▶ Data provided:
• • • • • • •

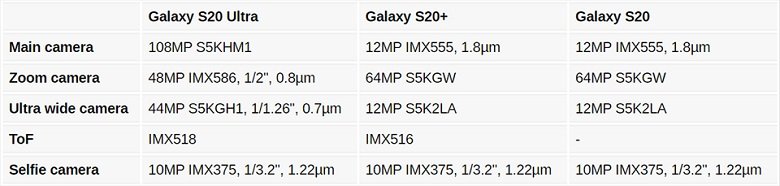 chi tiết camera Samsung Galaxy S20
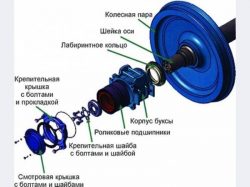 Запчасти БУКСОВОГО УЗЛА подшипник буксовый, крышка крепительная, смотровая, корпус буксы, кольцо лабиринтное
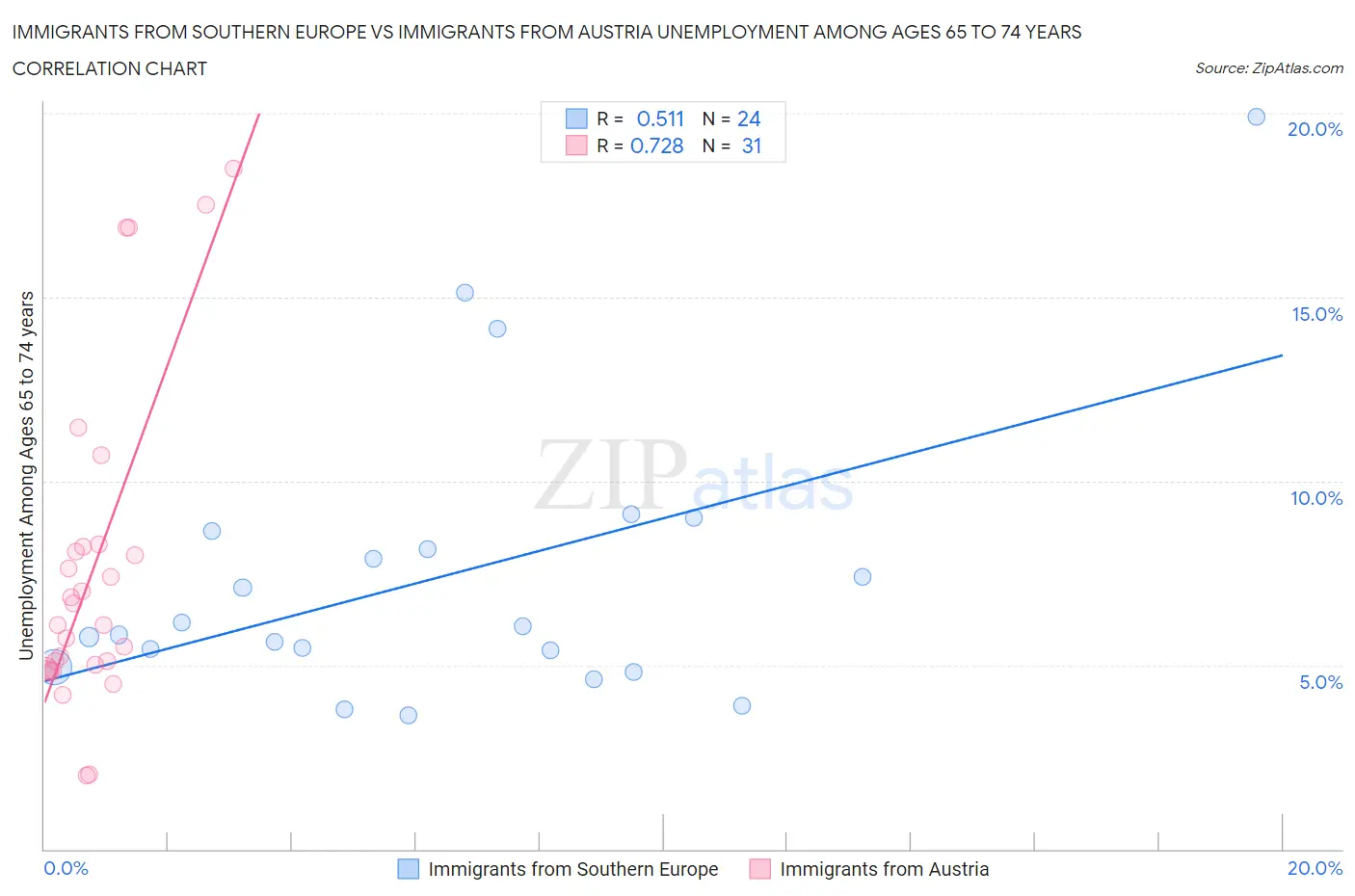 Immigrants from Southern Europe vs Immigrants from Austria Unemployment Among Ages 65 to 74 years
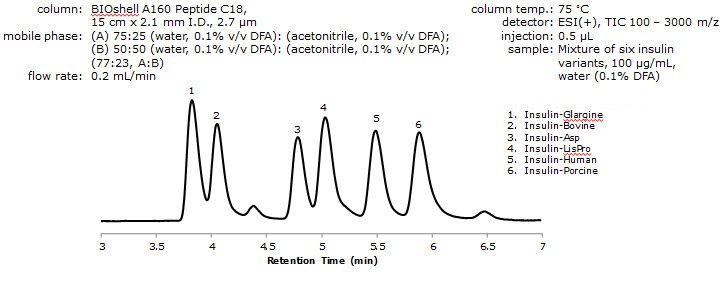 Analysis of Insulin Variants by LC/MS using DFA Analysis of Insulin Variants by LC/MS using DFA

• • • • • • •

▶ What is required: Print the material word for word without images.

▶ Result for this task:
 chi tiết camera Samsung Galaxy S20
 Запчасти БУКСОВОГО УЗЛА подшипник буксовый, крышка крепительная, смотровая, корпус буксы, кольцо лабиринтное
 Immigrants from Southern Europe vs Immigrants from Austria Unemployment Among Ages 65 to 74 years
 Analysis of Insulin Variants by LC/MS using DFA Analysis of Insulin Variants by LC/MS using DFA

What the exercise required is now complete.